China will strengthen the supervision and management of coal mine safety, especially at small mines run by private operators, a top work safety official announced at a press conference held by the Information Office of the State Council Tuesday in Beijing.
Wang Xianzheng, director of the State Administration of Work Safety, pledged to continue to close small coal mines operating illegally and those that do not meet work safety requirements.
Priority will be given to five provinces which have proved black spots for coal mine accidents: North China's Shanxi Province, Central China's Henan Province, Southwest China's Guizhou Province, and Northeast China's Heilongjiang and Jilin provinces.

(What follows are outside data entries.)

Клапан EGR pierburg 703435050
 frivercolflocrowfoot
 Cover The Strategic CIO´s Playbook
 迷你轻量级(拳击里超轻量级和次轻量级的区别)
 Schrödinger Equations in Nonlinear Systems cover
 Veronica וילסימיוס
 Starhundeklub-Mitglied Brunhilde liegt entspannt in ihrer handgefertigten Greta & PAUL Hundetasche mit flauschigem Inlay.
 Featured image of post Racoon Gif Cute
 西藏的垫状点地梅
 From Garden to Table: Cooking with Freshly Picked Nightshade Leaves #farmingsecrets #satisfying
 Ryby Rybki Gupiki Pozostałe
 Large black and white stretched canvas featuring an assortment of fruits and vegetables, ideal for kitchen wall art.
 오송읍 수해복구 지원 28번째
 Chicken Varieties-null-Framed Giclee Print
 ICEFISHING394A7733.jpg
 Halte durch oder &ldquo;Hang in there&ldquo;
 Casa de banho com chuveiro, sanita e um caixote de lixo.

Statistics reveal that 2,584 accidents occurred in coal mines throughout China from January to September, killing a total of 4,498 people.
More than 70 percent of work accidents in China occurred in private companies, administration figures disclosed.
"We require all coal mines to insure their employees with industrial injury insurance to protect their legal interests," said Shan Chunchang, a vice-administrator.
The State Administration of Work Safety will also cooperate with the All-China Federation of Trade Unions to strengthen the power of the unions in those small coal mines, Shan said.
Earlier this year, the State Economic and Trade Commission published a special regulation on the inspection and management of safety instruments and products used in coal mines and three other regulations on safe production.
Another 14 regulations on work safety are expected to be published by the end of next year, including a regulation to ascertain responsibility for serious coal mine accidents.
They form part of efforts to guarantee the efficient implementation of the State law on work safety, which will officially come into force on Friday.
Monday, however, a fire at Ertang Coal Mine in Nanning, capital of South China's Guangxi Zhuang Autonomous Region, left 21 miners dead, Xinhua reported.
Five miners survived the accident which occurred about 4:00 am. Nine others are still missing, local rescuers said.